Specifically, she provides technical expertise on emergency food security and vulnerable livelihoods concepts, markets approaches, cash transfers, and monitoring, evaluation, accountability and learning (MEAL). She also provides assessment and analysis of food security and livelihoods situations, designs strategic planning and programmes for life-saving and sustainable livelihoods recovery and development, manages food security and livelihoods programmes capacity building, and designs and implements monitoring and evaluation systems for response analysis and programme evaluation and
upgrade.
Emily worked as an emergency food security and livelihoods (EFSL) humanitarian security personnel (HSP), a markets adviser and a monitoring and evaluation specialist in Haiti in 2010, as part of the emergency response to the earthquake in January of the same year.
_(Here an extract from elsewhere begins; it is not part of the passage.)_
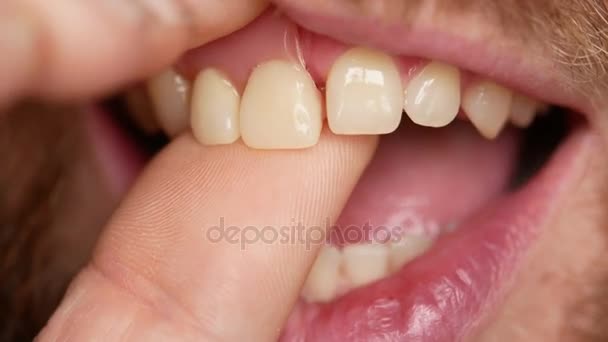 Närbild av tänder. En man visar sin protes på två tänder. Det finns inte tillräckligt två tänder, i stället för dem en plast protes — Stockvideo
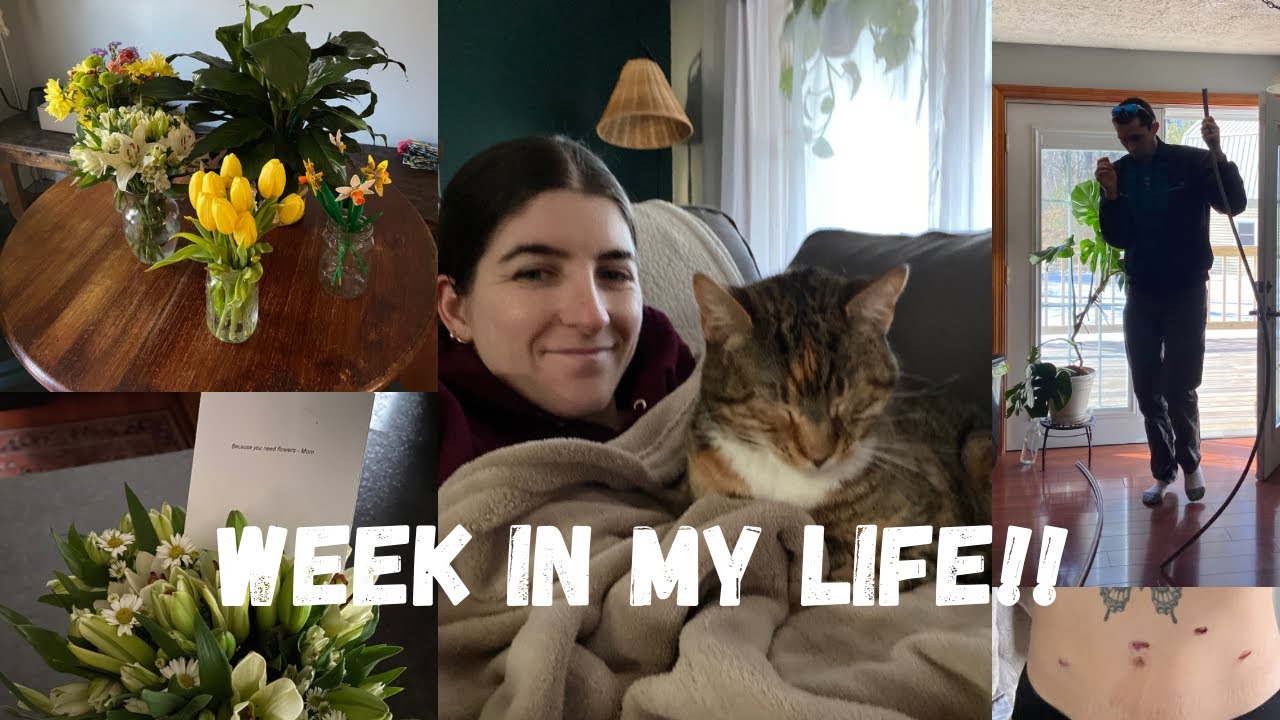 Vlog - Getting a Hysterectomy at 25, Surgery Recovery, and my Healing Process!! (Hour Long)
She has also worked as the project coordinator in South Kordofan and Unity states, in what is now South Sudan, with the German Agro Action (Welthungerhlife) in 2008 and 2009. Prior to this, she was the food security national coordinator in Zimbabwe from 2006 to 2008, and the food security programme manager in Sierra Leone
from 2004 to 2006, both for the Action Contre la Faim (ACF).
Emily holds a masters degree in Economic and Social Sciences, Agronomy and Rural Economy, with a specialisation in Agricultural Development, from the Agro Paris Tech (INA PG), France. She is fluent in English, Spanish and French.